Long Island college student Thomas Demint, 20, is being charged with obstruction of governmental administration and resisting arrest after recording an interaction with police officers that involved the arrest of two of his friends and their mother in Hauppauge, NY, during a family feud.
During the eight-minute video that Demint took of the interaction, his voice is only heard for a brief moment as he calmly explained his intention. “I’m videotaping this, sir,” he says to an officer on the video, “I’m just videotaping this.”
Demint claims that he was driving to work when he spotted the arrest of a close friend, that friend’s brother and their mother. He began to record the altercation on his phone, which resulted in the immobilization of the mother via police stun gun. Once they noticed he was recording, three officers tackled him in attempt to take his smartphone away from him. When they retrieved the phone, the officers then tried to erase the video. However, the video still remained on Demint’s phone.
”I am 100% innocent,” Demint said to reporters in early August, “I didn’t do anything wrong. I was just there to videotape.”
With the recent news coverage of police brutality, more citizens are calling for methods for better police officer accountability. This includes the installation of body and in-car cameras. These cameras allow law enforcement to identify and address inappropriate police behaviors, and can be used as evidence in court cases.

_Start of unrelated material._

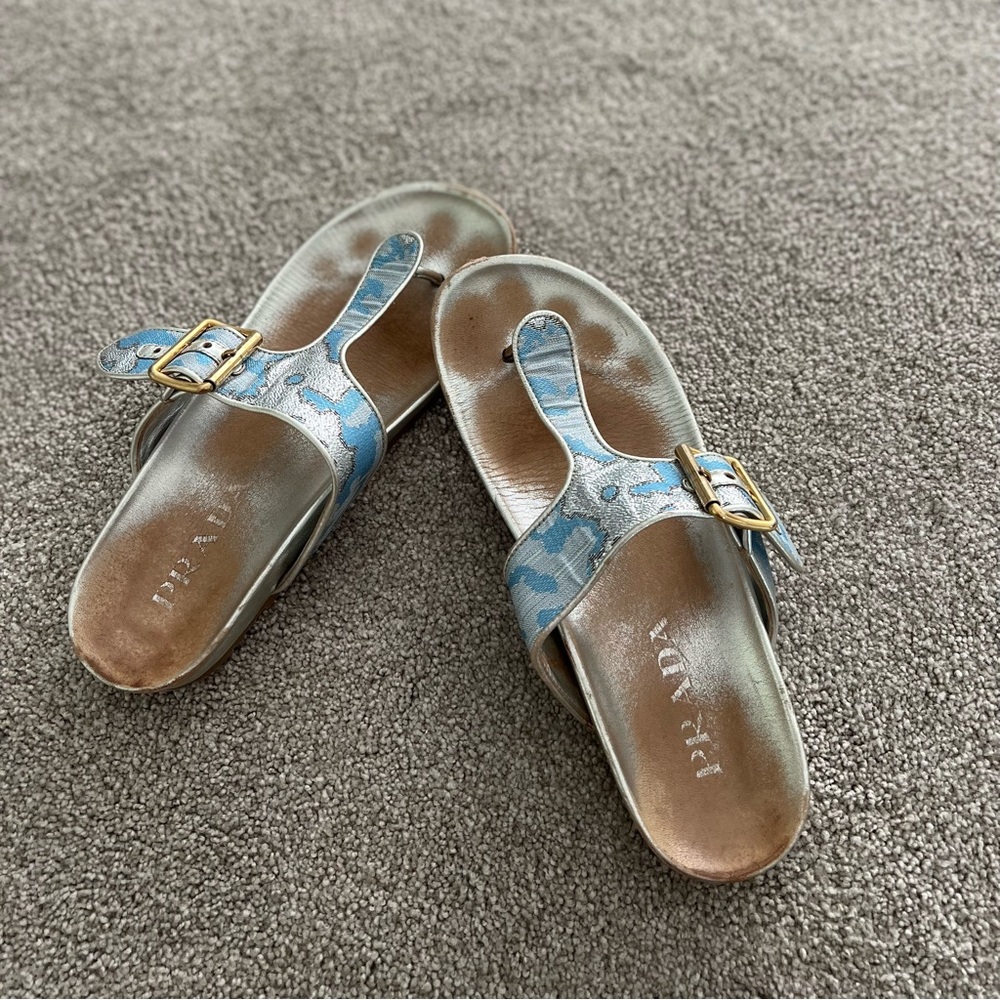 PRADA BROCADE BIRKENSTOCK STYLE SANDAL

PoliceOne.com reports that civil liberties experts have noticed a growing trend of citizens getting arrested after trying to record police interactions. More and more citizens have been using their First Amendment right to record police interaction, which can later be used as evidence for police brutality cases.

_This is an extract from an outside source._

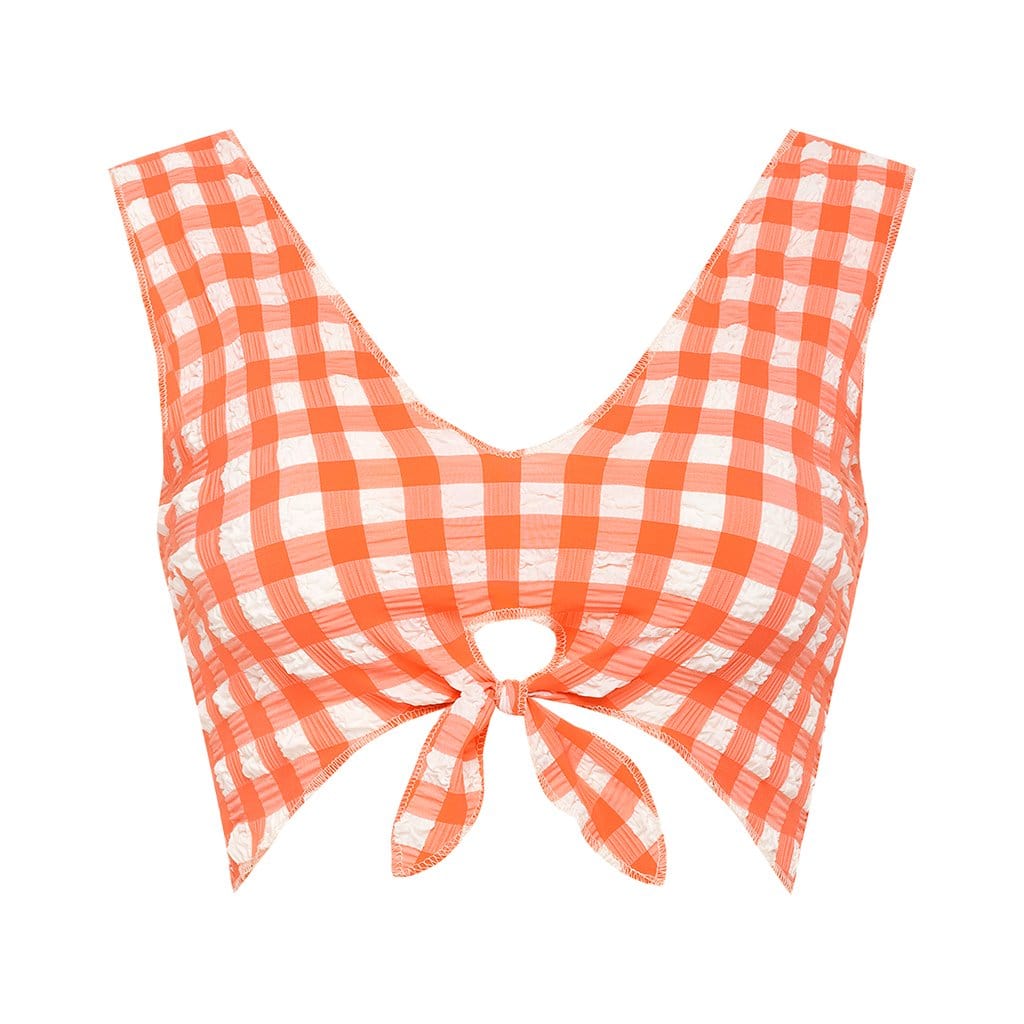 Sheer Kim Bikini Top | Shrimp Gingham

In response, some officers have found other means of taking those citizens in, such as charging them for obstruction or resisting arrest.
”Exercising this right has consistently and uniformly been upheld by state and federal courts; they have made it abundantly clear that citizens have right to film police in public,” says Jonathan Turley, a law professor at George Washington University. “What is alarming is the degree to which police are ignoring this clear precedent and continue to threaten citizens.
Many cities have now opted to require police to have body cameras on and recording during any outside interaction with a civilian. Citizens have also been using an app created by the NYCLU, which automatically uploads citizen videos to a server so it cannot be deleted.
Currently, Demint is considering a civil case against the police, who have arrested him under charges of being combative and refusing to obey orders.